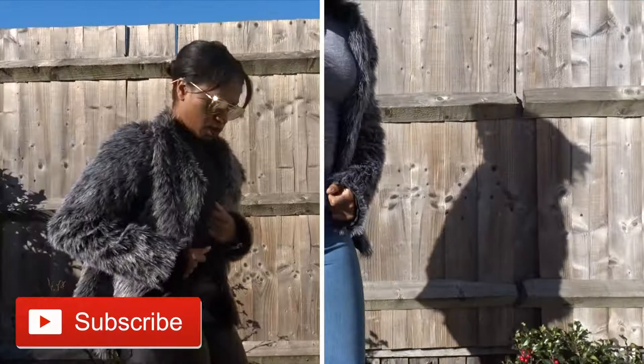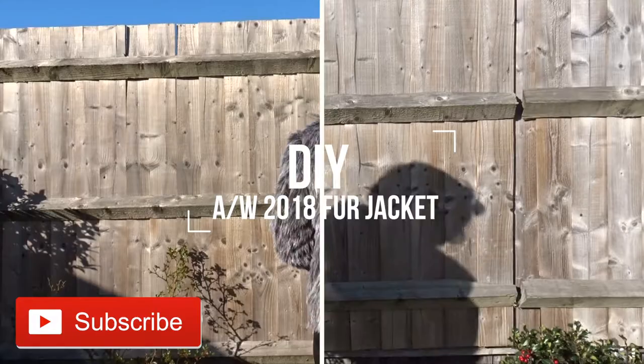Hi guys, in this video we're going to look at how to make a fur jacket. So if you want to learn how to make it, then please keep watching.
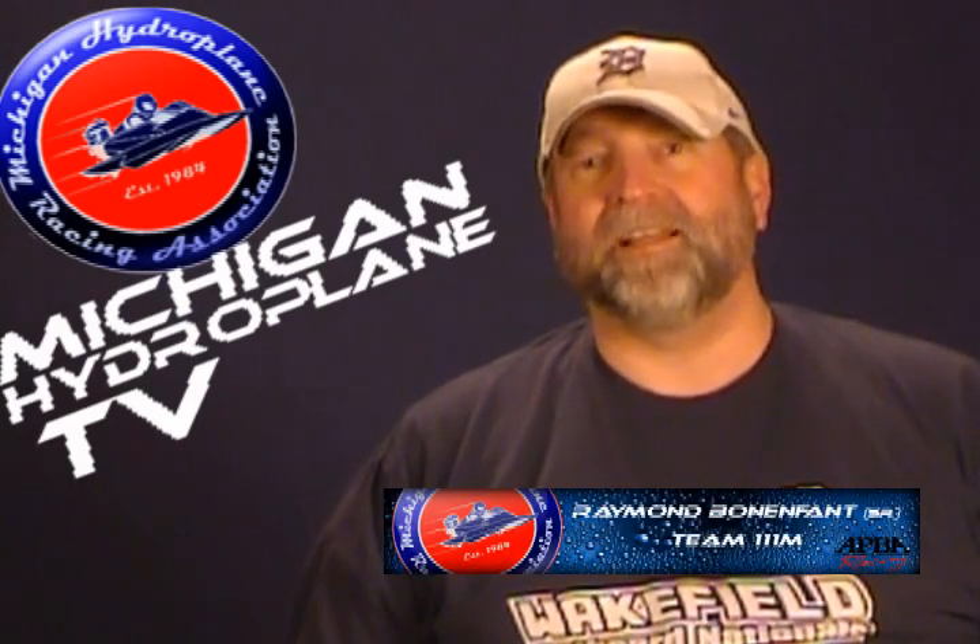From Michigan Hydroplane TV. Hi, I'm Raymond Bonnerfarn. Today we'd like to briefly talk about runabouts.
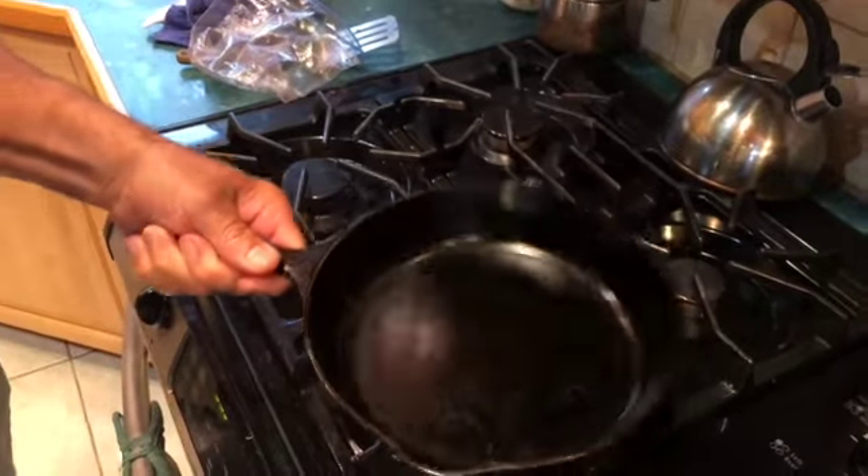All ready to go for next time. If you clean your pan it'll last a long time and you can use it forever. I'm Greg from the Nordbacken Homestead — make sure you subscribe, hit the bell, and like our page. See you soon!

### [Problem description]
Give back the data verbatim. The pictures are not part of the copy.

### [Expected answer]
Hi guys, in this video we're going to look at how to make a fur jacket. So if you want to learn how to make it, then please keep watching.
From Michigan Hydroplane TV. Hi, I'm Raymond Bonnerfarn. Today we'd like to briefly talk about runabouts.
All ready to go for next time. If you clean your pan it'll last a long time and you can use it forever. I'm Greg from the Nordbacken Homestead — make sure you subscribe, hit the bell, and like our page. See you soon!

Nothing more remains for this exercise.